I will agree with the religious zealots on one very important point. The world of commercial and free software is definitely engaged in a war of good and evil. And the obvious examples of evil that one can cite usually involve closed-source code.
Open-source advocates tend to point to Microsoft as evidence of the evils of closed source. But for all we know, Microsoft could also be using open source as a weapon. It is entirely possible that large portions of Windows 2000 have been lifted from programs that are protected under the GNU GPL (General Public License). The fact that GPL code is freely available makes it that much easier for a company such as Microsoft to steal it. Does that make GPL evil? Of course not.
Now before you Microsoft stockholders get your panties in a knot, I am not accusing the company of stealing GPL code. If anything, the evidence points to the contrary. If Microsoft made it a practice to steal GPL code, it would be more likely to meet projected ship dates.
I also don't mean to imply that individuals at Microsoft are dishonest about their motives. At worst Microsoft officials are simply misquoted. Microsoft CEO Steve Ballmer, for example, was recently misquoted as saying, "I feel deeply that we behaved in every instance with super integrity." The reporters might have gotten it right if they heard him whisper afterward, "Most of the time, it was soup."
Open, closed, proprietary, and free source are weapons wielded by both sides and are not in and of themselves good nor evil.
These matters are currently close to my heart, because I work with Linux Standard Base (LSB).
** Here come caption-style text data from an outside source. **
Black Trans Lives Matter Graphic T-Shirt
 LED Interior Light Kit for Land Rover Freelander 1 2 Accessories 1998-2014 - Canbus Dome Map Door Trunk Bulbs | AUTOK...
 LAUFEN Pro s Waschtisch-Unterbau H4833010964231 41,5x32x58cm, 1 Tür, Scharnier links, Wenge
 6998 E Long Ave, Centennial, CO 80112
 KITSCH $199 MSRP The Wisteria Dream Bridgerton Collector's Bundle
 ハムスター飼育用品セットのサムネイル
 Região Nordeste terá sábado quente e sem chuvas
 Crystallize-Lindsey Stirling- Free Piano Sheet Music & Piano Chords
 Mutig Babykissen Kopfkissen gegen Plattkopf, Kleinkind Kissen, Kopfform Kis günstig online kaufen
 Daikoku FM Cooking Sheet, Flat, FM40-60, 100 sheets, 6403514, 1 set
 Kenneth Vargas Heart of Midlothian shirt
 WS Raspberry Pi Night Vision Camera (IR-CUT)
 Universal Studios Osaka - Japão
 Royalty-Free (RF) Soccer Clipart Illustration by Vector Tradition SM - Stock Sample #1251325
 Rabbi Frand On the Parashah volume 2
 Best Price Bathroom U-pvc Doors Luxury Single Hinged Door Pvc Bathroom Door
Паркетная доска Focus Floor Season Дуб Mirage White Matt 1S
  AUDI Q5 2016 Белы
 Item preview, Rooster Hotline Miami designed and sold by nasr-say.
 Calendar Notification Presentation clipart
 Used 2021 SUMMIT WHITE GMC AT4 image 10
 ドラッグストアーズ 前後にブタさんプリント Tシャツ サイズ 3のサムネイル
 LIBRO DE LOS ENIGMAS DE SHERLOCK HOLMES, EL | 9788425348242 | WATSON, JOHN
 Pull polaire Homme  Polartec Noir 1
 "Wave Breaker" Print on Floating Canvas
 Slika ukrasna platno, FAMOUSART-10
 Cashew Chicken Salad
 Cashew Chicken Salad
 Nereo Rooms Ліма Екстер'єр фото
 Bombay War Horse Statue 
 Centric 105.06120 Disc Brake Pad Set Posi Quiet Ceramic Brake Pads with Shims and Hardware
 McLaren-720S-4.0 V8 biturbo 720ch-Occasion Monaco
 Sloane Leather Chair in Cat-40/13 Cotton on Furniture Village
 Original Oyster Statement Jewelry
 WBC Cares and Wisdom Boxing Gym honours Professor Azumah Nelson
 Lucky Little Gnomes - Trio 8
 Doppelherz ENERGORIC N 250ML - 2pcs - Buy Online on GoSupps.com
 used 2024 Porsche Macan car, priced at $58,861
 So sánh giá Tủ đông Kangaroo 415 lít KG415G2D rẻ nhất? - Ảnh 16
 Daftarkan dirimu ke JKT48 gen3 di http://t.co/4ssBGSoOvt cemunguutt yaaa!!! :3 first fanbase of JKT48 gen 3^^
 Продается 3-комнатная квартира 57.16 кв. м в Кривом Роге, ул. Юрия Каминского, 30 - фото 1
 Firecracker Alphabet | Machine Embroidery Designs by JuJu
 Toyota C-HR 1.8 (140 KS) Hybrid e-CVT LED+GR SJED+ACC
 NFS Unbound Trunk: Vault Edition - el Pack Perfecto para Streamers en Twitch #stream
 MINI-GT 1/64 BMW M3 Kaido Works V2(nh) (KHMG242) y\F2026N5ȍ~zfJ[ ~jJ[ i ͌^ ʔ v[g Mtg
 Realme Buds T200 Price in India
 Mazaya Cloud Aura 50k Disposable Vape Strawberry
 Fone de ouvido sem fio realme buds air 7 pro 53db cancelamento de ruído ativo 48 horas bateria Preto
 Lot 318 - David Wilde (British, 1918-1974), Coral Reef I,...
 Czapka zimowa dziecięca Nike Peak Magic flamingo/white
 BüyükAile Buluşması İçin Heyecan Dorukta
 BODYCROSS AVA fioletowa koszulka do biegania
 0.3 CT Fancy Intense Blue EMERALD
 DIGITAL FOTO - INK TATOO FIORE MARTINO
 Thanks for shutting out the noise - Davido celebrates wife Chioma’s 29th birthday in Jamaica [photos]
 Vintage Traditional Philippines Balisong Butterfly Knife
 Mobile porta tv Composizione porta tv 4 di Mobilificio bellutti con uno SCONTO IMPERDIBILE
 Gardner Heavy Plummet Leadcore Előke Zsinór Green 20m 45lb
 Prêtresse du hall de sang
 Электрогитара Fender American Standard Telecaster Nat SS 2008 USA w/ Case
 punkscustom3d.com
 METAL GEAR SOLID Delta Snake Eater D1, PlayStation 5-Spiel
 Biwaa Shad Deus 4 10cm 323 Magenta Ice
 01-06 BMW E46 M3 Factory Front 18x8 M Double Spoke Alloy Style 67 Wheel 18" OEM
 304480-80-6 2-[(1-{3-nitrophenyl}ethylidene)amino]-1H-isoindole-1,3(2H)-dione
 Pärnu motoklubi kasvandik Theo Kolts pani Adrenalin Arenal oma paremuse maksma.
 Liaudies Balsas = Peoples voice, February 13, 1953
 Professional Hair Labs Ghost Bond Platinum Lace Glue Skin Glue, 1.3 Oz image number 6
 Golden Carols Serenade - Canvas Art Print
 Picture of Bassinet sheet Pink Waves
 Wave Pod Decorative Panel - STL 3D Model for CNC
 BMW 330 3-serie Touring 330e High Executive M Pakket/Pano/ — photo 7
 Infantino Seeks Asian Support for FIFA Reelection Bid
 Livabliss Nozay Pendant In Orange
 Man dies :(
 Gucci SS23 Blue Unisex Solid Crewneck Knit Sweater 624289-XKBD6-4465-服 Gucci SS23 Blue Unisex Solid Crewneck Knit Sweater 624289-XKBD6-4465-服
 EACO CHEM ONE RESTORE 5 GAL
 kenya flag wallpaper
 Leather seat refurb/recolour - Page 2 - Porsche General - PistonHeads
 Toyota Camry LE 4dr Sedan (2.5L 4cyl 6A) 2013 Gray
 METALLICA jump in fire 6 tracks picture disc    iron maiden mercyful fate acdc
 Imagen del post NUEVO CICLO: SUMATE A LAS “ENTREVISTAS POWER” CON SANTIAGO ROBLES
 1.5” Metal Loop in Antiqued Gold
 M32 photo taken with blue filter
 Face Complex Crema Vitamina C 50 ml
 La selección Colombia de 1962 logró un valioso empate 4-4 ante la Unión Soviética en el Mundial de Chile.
I want to make it clear that it is by no means the goal of LSB to encourage the use of proprietary software. But as we get nearer to completion of the LSB specification, it occurs to me that, as a side effect, LSB could encourage the use of proprietary software.
One of the goals of LSB is to allow Linux providers to differentiate their products without breaking application compatibility. LSB is concerned only with the layer above the Linux kernel that determines whether an application will install and run properly. The point is to enable customers to choose the Linux distribution that best suits their needs without fear that they will encounter problems running their favorite applications.
LSB can best achieve its goals if the software LSB deals with is open-source.
The best way to guarantee a level playing field is by ensuring that there are no secrets in the layer of software that determines whether an application will be compatible across Linux distributions.
But if you think about it, the implication is that it is therefore nonthreatening to have proprietary software outside the scope of LSB. For example, one can write a proprietary, closed-source installation program for Linux without creating an imbalance in the Linux market. You can't assert control over the Linux standard with a proprietary installation program. Once you've got an LSB-compliant Linux installed, the proprietary installation program becomes irrelevant. You can still run any LSB-compliant applications.
So my advice to the open-source community is to focus on what really matters.
Fight the good fight when open source creates a level playing field. And relax when proprietary source code is nonthreatening. That will ensure the continued success of both open and closed source.